Legal requirements and increase in public awareness due to egregious breaches of individual privacy have made data privacy an important field of research. Recent research, culminating in the development of a powerful notion called differential privacy, have transformed this field from a black art into a rigorous mathematical discipline. This talk critically analyzes trade-off between accuracy and privacy in the context of social advertising – recommending people, products or services to users based on their social neighborhood. I will present a theoretical upper bound on the accuracy of performing recommendations that are solely based on a user’s social network, for a given level of (differential) privacy of sensitive links in the social graph.
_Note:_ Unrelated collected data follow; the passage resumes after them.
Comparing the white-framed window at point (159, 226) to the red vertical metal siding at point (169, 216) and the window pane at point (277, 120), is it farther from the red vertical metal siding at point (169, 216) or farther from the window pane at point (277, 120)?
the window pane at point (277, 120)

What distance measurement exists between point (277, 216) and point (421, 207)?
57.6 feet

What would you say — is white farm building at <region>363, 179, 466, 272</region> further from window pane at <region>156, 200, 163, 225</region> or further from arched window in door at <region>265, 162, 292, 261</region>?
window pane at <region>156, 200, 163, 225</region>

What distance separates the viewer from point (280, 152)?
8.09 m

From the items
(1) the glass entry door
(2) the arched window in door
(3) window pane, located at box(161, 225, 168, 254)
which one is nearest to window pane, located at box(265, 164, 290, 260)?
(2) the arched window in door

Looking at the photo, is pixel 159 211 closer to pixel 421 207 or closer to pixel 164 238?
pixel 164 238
I will also show using real networks that good private social recommendations are feasible only for a small subset of the users in the social network or for a lenient setting of privacy parameters.
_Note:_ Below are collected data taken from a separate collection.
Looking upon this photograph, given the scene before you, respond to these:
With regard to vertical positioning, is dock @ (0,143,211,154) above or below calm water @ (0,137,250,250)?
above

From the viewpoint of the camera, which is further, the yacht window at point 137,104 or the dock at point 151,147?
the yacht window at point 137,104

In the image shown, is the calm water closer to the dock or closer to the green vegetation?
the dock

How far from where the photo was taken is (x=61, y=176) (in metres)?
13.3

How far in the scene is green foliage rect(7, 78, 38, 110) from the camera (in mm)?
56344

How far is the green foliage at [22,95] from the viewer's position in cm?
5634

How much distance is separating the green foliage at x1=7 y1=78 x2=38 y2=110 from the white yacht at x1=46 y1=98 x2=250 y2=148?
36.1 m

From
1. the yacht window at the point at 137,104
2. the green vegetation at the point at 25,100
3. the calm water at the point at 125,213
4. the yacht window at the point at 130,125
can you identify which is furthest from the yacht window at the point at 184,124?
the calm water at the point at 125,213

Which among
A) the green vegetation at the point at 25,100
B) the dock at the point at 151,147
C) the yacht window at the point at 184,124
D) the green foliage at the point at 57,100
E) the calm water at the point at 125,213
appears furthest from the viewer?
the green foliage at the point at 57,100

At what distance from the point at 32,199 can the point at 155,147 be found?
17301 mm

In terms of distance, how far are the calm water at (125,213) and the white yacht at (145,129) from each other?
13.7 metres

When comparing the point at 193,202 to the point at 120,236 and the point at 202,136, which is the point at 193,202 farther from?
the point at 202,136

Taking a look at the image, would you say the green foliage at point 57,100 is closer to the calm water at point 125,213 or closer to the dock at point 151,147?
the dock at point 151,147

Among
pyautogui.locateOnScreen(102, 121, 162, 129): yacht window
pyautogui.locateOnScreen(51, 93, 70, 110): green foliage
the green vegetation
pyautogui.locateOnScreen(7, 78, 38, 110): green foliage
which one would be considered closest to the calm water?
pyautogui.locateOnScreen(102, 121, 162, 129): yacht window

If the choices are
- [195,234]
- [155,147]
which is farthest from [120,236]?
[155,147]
I will also describe some exciting new research about a no free lunch theorem, which argues that privacy tools (including differential privacy) cannot simultaneously guarantee utility as well as privacy for all types of data, and conclude with directions for future research in data privacy and big-data management.
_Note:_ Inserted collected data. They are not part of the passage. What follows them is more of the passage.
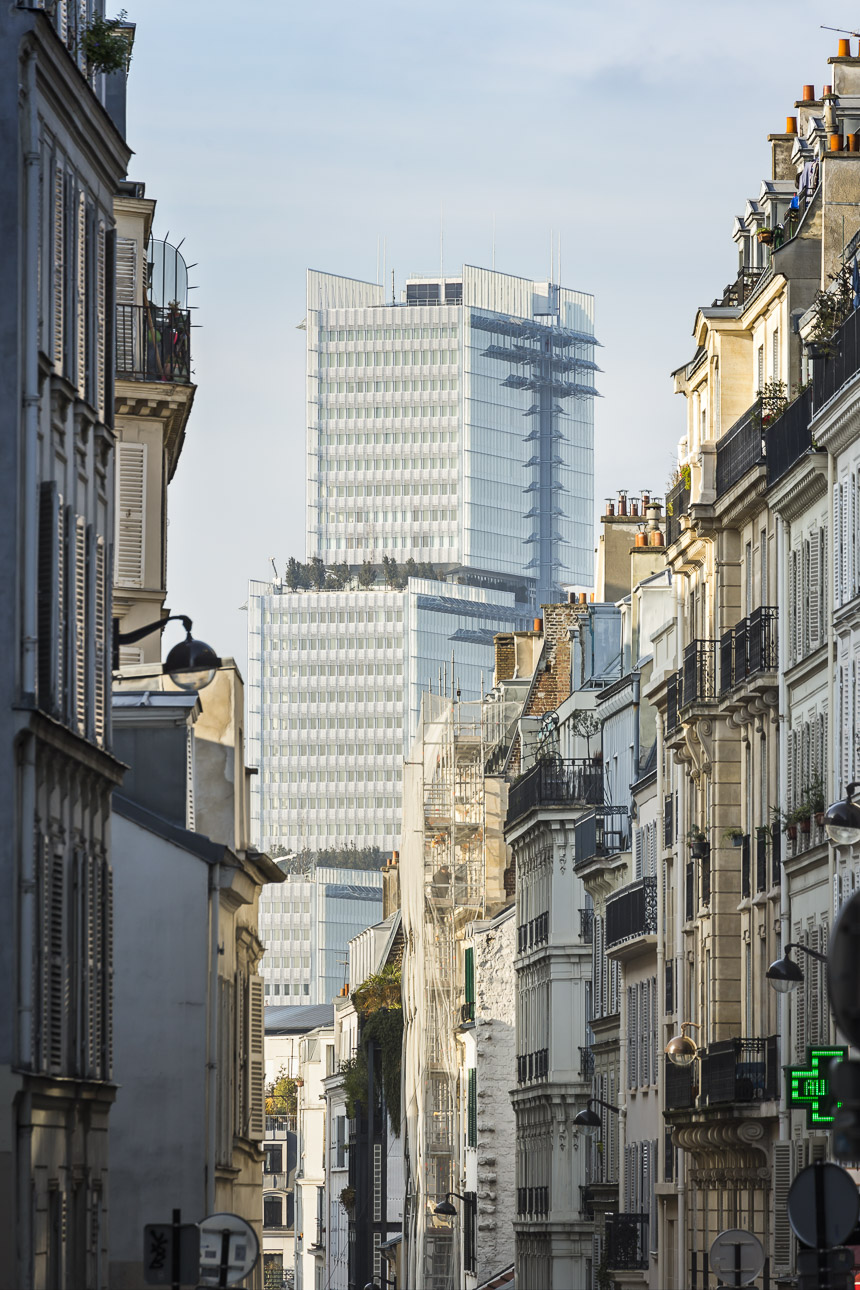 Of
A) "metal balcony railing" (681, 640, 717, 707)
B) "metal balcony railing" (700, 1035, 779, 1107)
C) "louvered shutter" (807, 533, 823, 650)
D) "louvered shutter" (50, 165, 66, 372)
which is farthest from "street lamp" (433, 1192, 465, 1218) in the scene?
"louvered shutter" (50, 165, 66, 372)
Ashwin Machanavajjhala is a Senior Research Scientist in the Knowledge Management group at Yahoo! Research. His primary research interests lie in data privacy with a specific focus on formally reasoning about privacy under probabilistic adversary models. He is also interested statistical methods for information integration and big-data management. Ashwin graduated with a Ph.D. from the Department of Computer Science, Cornell University. His thesis work on defining and enforcing privacy was awarded the 2008 ACM SIGMOD Jim Gray Dissertation Award Honorable Mention. He has also received an M.S. from Cornell University and a B.Tech in Computer Science and Engineering from the Indian Institute of Technology, Madras.